Tom will work with former Crikey editor Jason Whittaker to provide a high-quality daily editorial offering about the issues relevant to senior public servants.

“Australia has a world-class public sector advising and implementing policy and programs in a complex and challenging political, media and stakeholder world,” Tom said. “Yet strangely there is not a place where our public sector leaders can share their work, experiences and learning among fellow public leaders so they can deliver better communities for all Australians.

The Mandarin will be a place for agency heads and executives and those interested in their work to engage and collaborate around the development of policies, programs, projects and regulatory solutions, in this demanding and often contentious period of rapid change.

“There are many common issues public servants are working on, be they economic transformation and regional development, alcohol and violence, literacy and numeracy, obesity, digitalisation and cybersecurity, ageing and youth unemployment.

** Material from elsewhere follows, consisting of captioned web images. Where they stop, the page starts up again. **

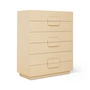 HKliving - Spacious Chest of drawers, W 80 x H 98 cm, cream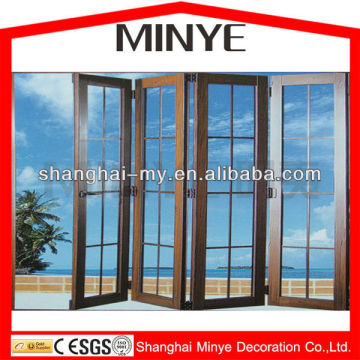 ALUMINUM FOLDING DOOR COMMERCIAL AUTOMTIC GLASS FOLDING DOOR THREE PANEL GLASS FOLDING DOOR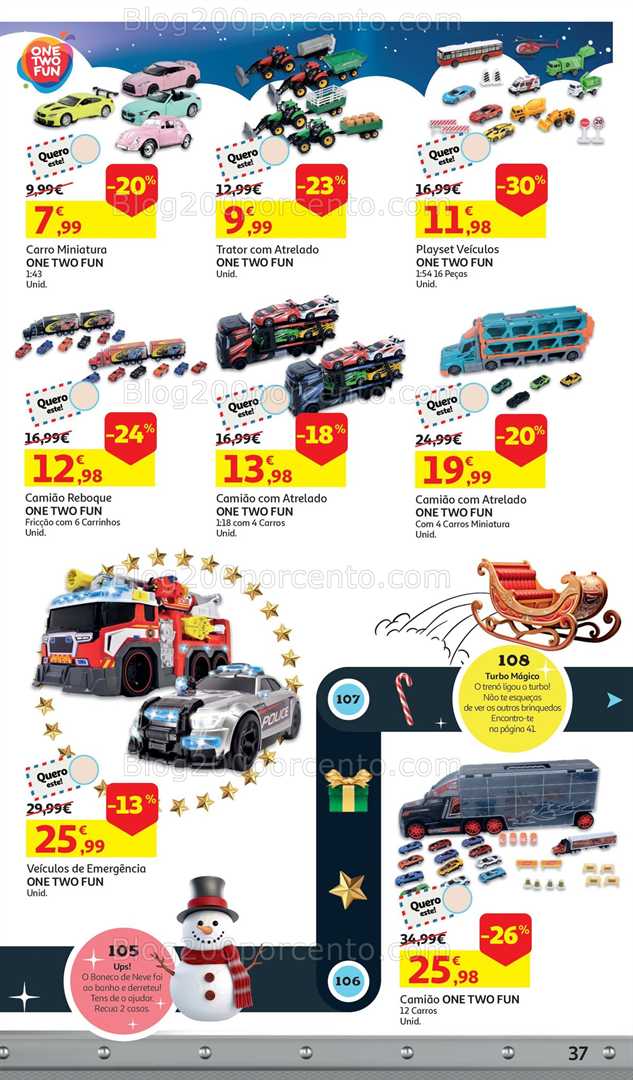 Antevisão Folheto AUCHAN Catálogo Brinquedos Natal Promoções de 5 novembro a 9 dezembro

We want The Mandarin to be a venue where programs and initiatives can be discussed and analysed in a thoughtful and considered way.

“There are also tremendous opportunities from the rising middle class of Asia and the digital era. The Mandarin will showcase the best projects for helping our cities and regions benefit from these profound changes.

“Leading Australia’s public agencies in a complex, fast-moving and demanding world requires intelligence and judgement, agility and resilience. Agency heads need to engage stakeholders and staff and we want The Mandarin to be a place where senior bureaucrats can share their vision and road maps for change.”

The Mandarin will also be of great interest for the many businesses and community organisations that want to gain insight into public policy making and program delivery. We hope this will better engage government with business and promote stronger collaboration and partnerships to build better communities.

Just as the scholarly officials of China, the Mandarins, successfully adapted their role over 13 centuries, the role of the modern Mandarin has changed significantly since the term was first used to refer to the powerful bureaucrats who ruled Canberra in the post-war period.